CG53705 - Qualifying corporate bonds: definition - normal commercial loan
TCGA 1992 section 117(1) requires that the debt does at all times represent a normal commercial loan. The definition of a normal commercial loan is taken from CTA 2010 section 162. Section 117 directs that within section 162(2)(a)-(c) you substitute the words ‘corporate bonds within the meaning of section 117 TCGA 1992’. In effect section 162(2) would read as follows for the purposes of section 117;
‘Condition A is that the loan does not carry any right to conversion into shares or securities other than a right to conversion into corporate bonds within the meaning of section 117 of TCGA 1992.’
CTM81010 provides guidance on what is meant by ‘normal commercial loan’ but in considering the matter the decision in Weston v Garnett, 77TC650, should be borne in mind.
In that case the taxpayer held loan notes (the first loan notes) which provided a right to convert them into another series of loan notes (the second loan notes). The second loan notes were convertible into shares. The Court of Appeal held that in determining whether the first loan notes represented at all times a normal commercial loan a distinction had to be drawn between the loan notes (the security) and the underlying debt. The legislation requires that it is the debt that has to represent a normal commercial loan and not the security. The conversion contemplated by section 162(2) CTA 2010 (as modified) would be a conversion of the underlying debt, not the security. In the Weston case the conversion of the first loan notes into the second loan notes did not change the terms of the underlying debt, so that debt was not a normal commercial loan because it carried rights to conversion into shares (which would not be corporate bonds) albeit that the rights came with the second loan notes rather than the first. Consequently the first loan notes did not meet the test in what is now section 162.
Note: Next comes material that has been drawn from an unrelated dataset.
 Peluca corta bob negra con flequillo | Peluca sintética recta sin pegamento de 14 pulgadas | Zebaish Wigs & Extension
The Court of Appeal also held that whilst section 117 borrowed a modified meaning of ‘normal commercial loan’, the context in which the meaning was originally set, ie. Chapter 5 of CTA 2010 did not apply when considering the matter within section 117.
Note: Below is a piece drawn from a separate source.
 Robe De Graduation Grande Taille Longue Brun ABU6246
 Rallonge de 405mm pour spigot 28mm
In determining whether a loan comes within section 162 it is important to remember that the underlying debt must have represented a commercial loan at all times.
Example
In 2010 a company issues securities that meet all of the criteria in section 117 except that the securities can be converted into shares of the quoted parent company. Consequently at that time the underlying debt cannot be a ‘normal commercial loan’ within the meaning of section 162 CTA and so the securities cannot meet the conditions within section 117 to be treated as qualifying corporate bonds (QCBs). In 2011 the quoted parent company is placed in liquidation and so the choice to convert is lost. Shortly thereafter the securities are redeemed at which time all of the conditions in section 117 would appear to be met. Nevertheless there was a time when the debt could have been converted. In other words the loan has not been a commercial loan at all times and so the securities are not QCBs at the time of redemption.